Tuesday, June 14, 2005

Chemo Sucks!

Fatigue & Nausea from the chemo have set in and I’ve been kicking back the nausea drugs, which also knock me out. Last night I got past the denial point of realizing that yes, I am sick and I have to get sicker before I can be better and that involves rest and not pushing myself. Two things I’m not very good at. It made looking forward to the coming treatments even more discouraging knowing that I feel like crap now and have to do it all over again- 7 more times.

Our accommodations at camp have been “upgraded” from our little cabin to a camper with a bathroom. Emrys did a re-model today to change the two twin beds into a “princess loft” for us. Worked great for a nap this afternoon!

Please pray that the nausea would clear up and that the portacath would settle in- it’s still uncomfortable. Please also pray that I will be able to remain positive and upbeat as this time goes on and for Emrys and others as they play the emotional support I need at this time.

Friday, June 10, 2005

Many Praises!

PRAISE GOD!! The portacath (permanent IV line under the skin of Sara’s chest) was placed via surgery this morning with no complications. This was followed by the first round of chemo, also with no complications! Best of all- the test results were in and showed that there was no cancer in the bone marrow or anywhere else in Sara’s body that we didn’t already know about (near left collarbone, and around the thymus gland in her chest).
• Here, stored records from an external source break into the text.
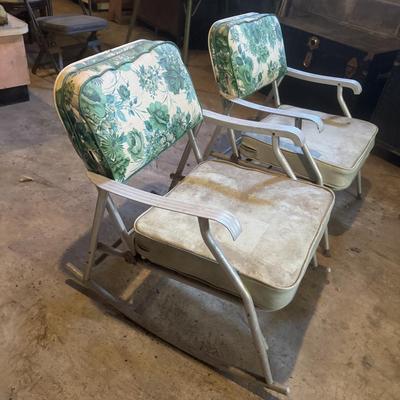 Pair of Vintage Aluminum Chairs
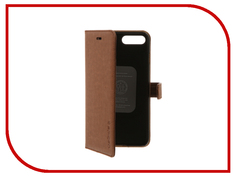 Аксессуар Чехол Spigen SGP Wallet S для APPLE iPhone 7 Plus Brown 043CS20544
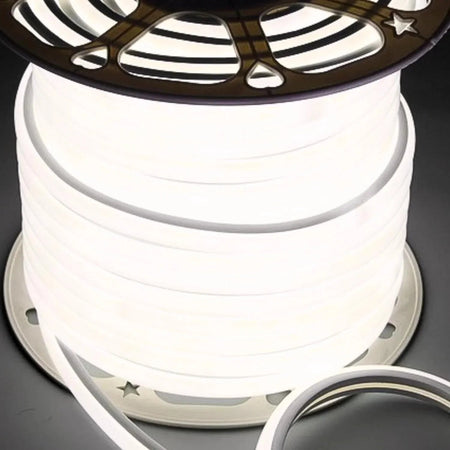 Natural White Neon Flex 16x16mm D Shape Top Bend 120LEDs/m 220V 240V IP65 with UK Plug — view 3 — House of LEDs UK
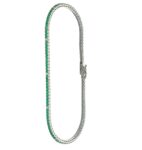 Bracciale oro bianco tennis con smeraldi e diamanti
Camp started this week and the campers were everywhere! Sara and Emrys both worked long days with cooking and maintenance respectively. It’s good to be active again! Emrys and Karla (another staffer at camp) cut Sara’s hair this week to ease the entry into baldness. It looks great! We’ll try to get pictures up soon.

Prayers at this point can be directed towards Sara’s energy levels & the nausea. Also, that the chemo would work quickly on the cancer and that the healthy cells would remain safe from the effects of the chemo. Please also continue to the lift up the Sonlight staff and Emrys as they surround and support Sara during this time.
We love you all! Keep praying-it works!!

Saturday, June 04, 2005

Tests Are Done...Now We Wait.

In a whirlwind couple of days all the tests are completed and Sara is scheduled to start chemotherapy on Friday June 10th. A surgical procedure will be done to insert a "permanent" IV port (port-cath) into a blood vein so that the pincushion syndrome will be minimal in the coming months. Then we will go over all the test results with Dr. Cathcart and see what the long term time line will be for the treatments.

All the tests went smoothly, for the most part. Short of Sara passing out in the Nuclear Medicine department when they were prepping for the heart scan (for reasons we still can't pinpoint) the rest of the time was uneventful. Although after 3 barium "milkshakes" before the PET/CT scan, Sara's thinking bananas won't be a favorite for a while!

This afternoon we will head back to Sonlight and campers will arrive on Sunday. We're looking forward to a few more days of distracting work before we come back to Durango for the last of the "big" procedures.

Please continue to pray that all the tests come back with favorable results. As chemo starts, we'd ask that you pray specifically for the following:
1. That the healthy cells would be protected from the effects of the chemo.
2. That the nausea and fatigue would be minimal and that Sara will know when she needs to stop and take a break.
3. That Emrys will know when he needs to stop and support Sara through the rough spots.

Thank you all! The prayers are felt very strongly with a resounding peace through the stressful times.